Include no pictures. Output exactly the lines from the one that contains "Memória Principal, central" through the final line of the entries.

(Data extracted from a collection)

☆ ☆ ☆

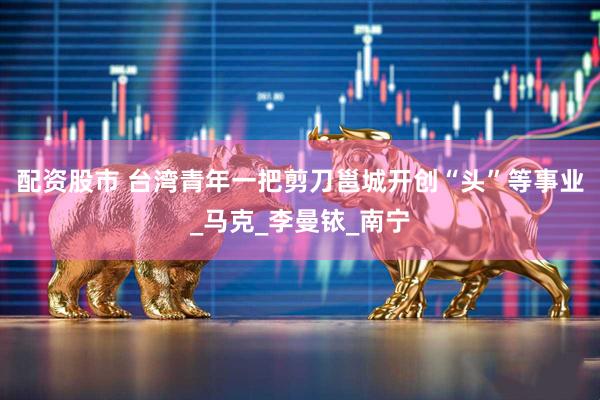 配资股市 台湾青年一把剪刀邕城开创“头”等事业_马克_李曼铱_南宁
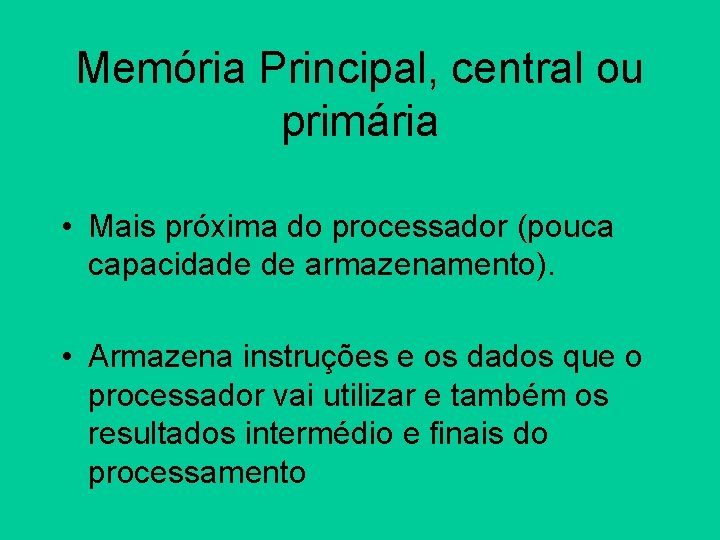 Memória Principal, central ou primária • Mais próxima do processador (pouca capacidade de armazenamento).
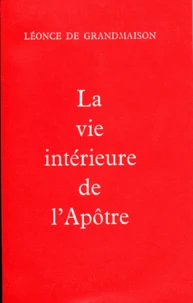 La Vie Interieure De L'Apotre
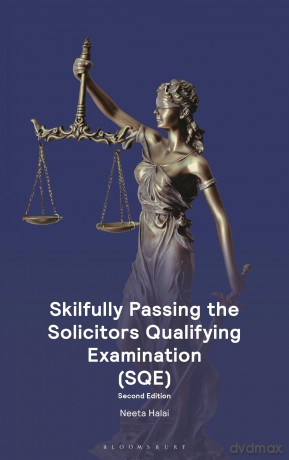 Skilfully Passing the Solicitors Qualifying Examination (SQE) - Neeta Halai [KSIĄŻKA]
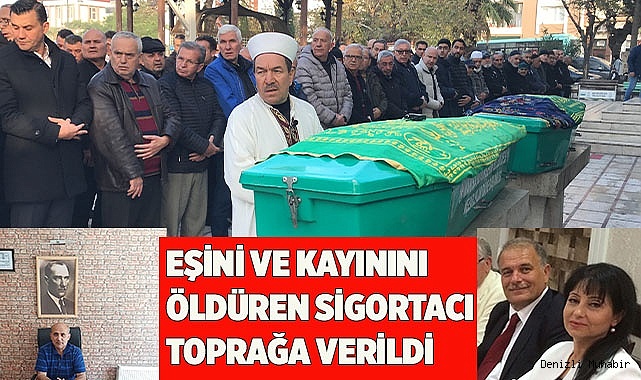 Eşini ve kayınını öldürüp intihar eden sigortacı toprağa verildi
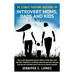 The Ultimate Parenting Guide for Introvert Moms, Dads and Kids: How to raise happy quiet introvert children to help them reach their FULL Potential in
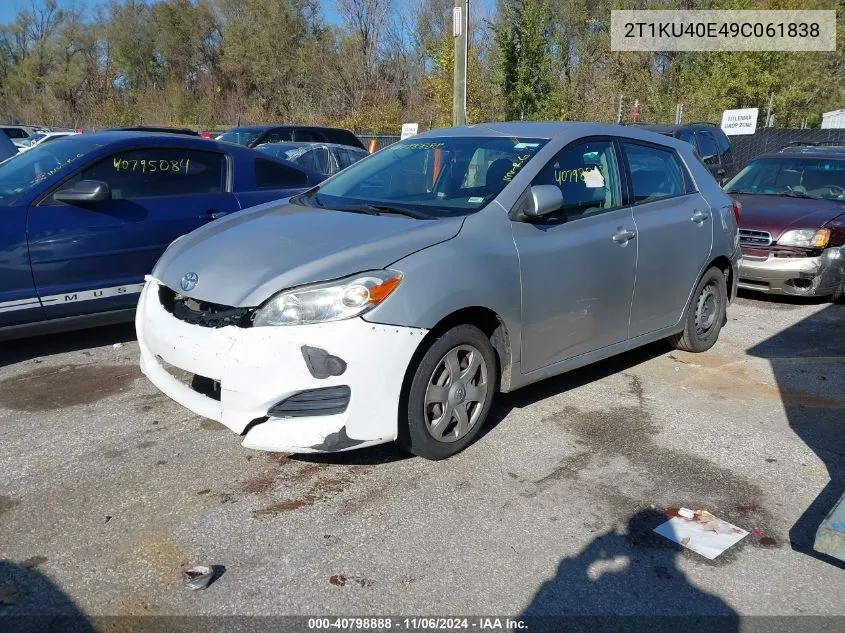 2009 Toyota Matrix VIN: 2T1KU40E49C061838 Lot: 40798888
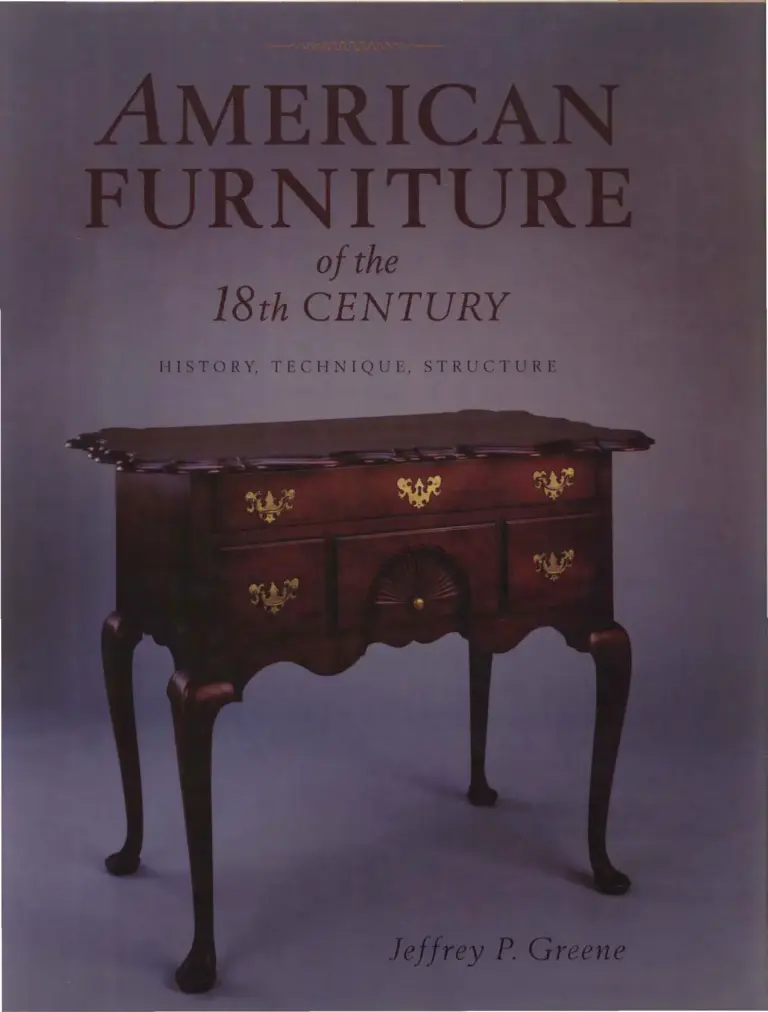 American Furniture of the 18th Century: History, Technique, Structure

☆ ☆ ☆

- TASK RESPONSE:
 Memória Principal, central ou primária • Mais próxima do processador (pouca capacidade de armazenamento).
 La Vie Interieure De L'Apotre
 Skilfully Passing the Solicitors Qualifying Examination (SQE) - Neeta Halai [KSIĄŻKA]
 Eşini ve kayınını öldürüp intihar eden sigortacı toprağa verildi
 The Ultimate Parenting Guide for Introvert Moms, Dads and Kids: How to raise happy quiet introvert children to help them reach their FULL Potential in
 2009 Toyota Matrix VIN: 2T1KU40E49C061838 Lot: 40798888
 American Furniture of the 18th Century: History, Technique, Structure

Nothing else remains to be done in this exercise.